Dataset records
= = = = = = =

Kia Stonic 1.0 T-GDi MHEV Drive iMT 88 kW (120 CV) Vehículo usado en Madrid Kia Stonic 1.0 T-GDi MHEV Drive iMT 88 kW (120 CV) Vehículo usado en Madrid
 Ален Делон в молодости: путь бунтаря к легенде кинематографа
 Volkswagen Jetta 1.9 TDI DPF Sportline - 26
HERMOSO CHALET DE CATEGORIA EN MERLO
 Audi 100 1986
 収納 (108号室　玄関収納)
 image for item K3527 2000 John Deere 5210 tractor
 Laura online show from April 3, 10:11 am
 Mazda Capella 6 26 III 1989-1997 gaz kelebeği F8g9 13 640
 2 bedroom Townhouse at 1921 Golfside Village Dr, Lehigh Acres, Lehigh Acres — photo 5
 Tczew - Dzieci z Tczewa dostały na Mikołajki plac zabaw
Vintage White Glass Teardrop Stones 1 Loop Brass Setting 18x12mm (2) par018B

= = = = = = =

WHAT TO WORK ON:
Would you set down all of the entries again, word for word?

SOLUTION FOR THIS PROBLEM:
Kia Stonic 1.0 T-GDi MHEV Drive iMT 88 kW (120 CV) Vehículo usado en Madrid Kia Stonic 1.0 T-GDi MHEV Drive iMT 88 kW (120 CV) Vehículo usado en Madrid
 Ален Делон в молодости: путь бунтаря к легенде кинематографа
 Volkswagen Jetta 1.9 TDI DPF Sportline - 26
HERMOSO CHALET DE CATEGORIA EN MERLO
 Audi 100 1986
 収納 (108号室　玄関収納)
 image for item K3527 2000 John Deere 5210 tractor
 Laura online show from April 3, 10:11 am
 Mazda Capella 6 26 III 1989-1997 gaz kelebeği F8g9 13 640
 2 bedroom Townhouse at 1921 Golfside Village Dr, Lehigh Acres, Lehigh Acres — photo 5
 Tczew - Dzieci z Tczewa dostały na Mikołajki plac zabaw
Vintage White Glass Teardrop Stones 1 Loop Brass Setting 18x12mm (2) par018B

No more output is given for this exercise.